The rider's aids (the seat, legs
and hands, as FEI judge Hubert Rohrer would phrase it) are what creates the communication between equine and human. The legs
are in contact with the horse's barrel, the seat balances the rider's torso and provides a base for the limbs to function
from, and the rider's hands (whole arm) are in contact with the horse's mouth through an extension of the rein. As Bill Woods
stated at the 1988 Equine Symposium, "dressage is a relationship of nonverbal language and the essence of dressage is how
this communication between horse and rider is enacted."

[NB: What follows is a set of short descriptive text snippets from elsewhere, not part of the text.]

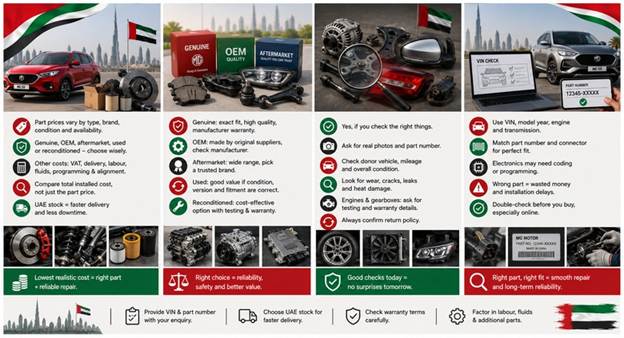 Used MG Spare Parts UAE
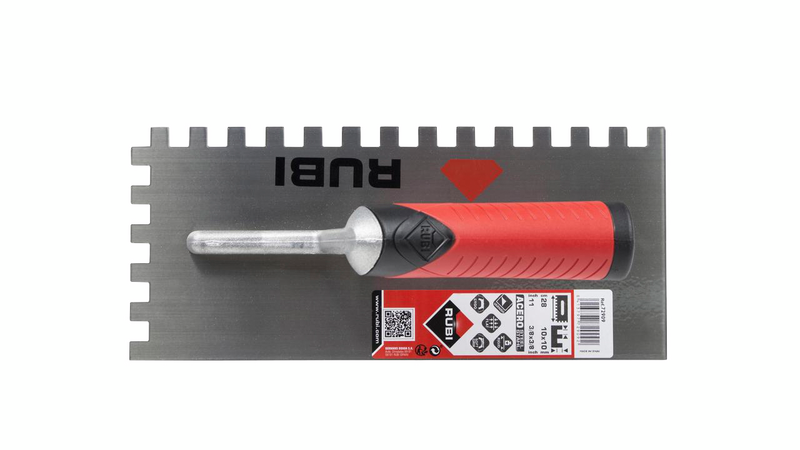 Laastikampa Rubi 28cm 10x10mm Rubiflex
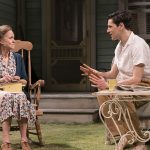 Sally Field and Colin Morgan in All My Sons - Credit Johan Persson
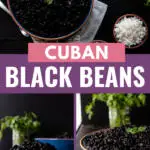 Served as a soup or over rice, Cuban black beans make a delicious, nutritious, and budget friendly addition to the menu! This easy black beans recipe includes instructions for cooking on the stove top and making black beans in the Instant Pot. Serve as either a main dish, or a filling side dish recipe. #cubanfood #dinnerideas #sidedish #maindish #instantpot #easyrecipes #beans #comfortfood #howtomake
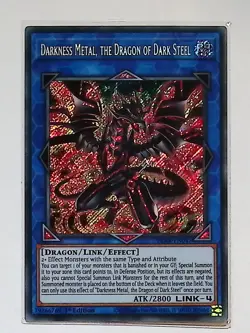 Darkness Metal, the Dragon of Dark Steel - BLAR-EN047 Secret Rare 1st Ed Yugioh - Image 1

The horse is 'on the aids' when
it strides forward from the rider's driving or directing leg through the rider's torso (seat) and into the rein, which captures
the horse's present state of impulsion. Then the rider's hands aid, or signal, this captured energy back into the horse's
movement via a half-halt. Throughout dressage riding there is this constant communication between the rider's aids and the
horse's muscular body. Woods calls this a 'feedback loop', which works second by second and stride by stride. In order to
attain the above feedback loop the proper basic position is required. (A dressage rider's body should be relaxed, aligned
and symmetrical.) Then a rider's aids must learn to coordinate not only to ride the horse but also to be used in a way as
to not interfere with the horse. A stiff or unbalanced rider will restrict the horse's movement.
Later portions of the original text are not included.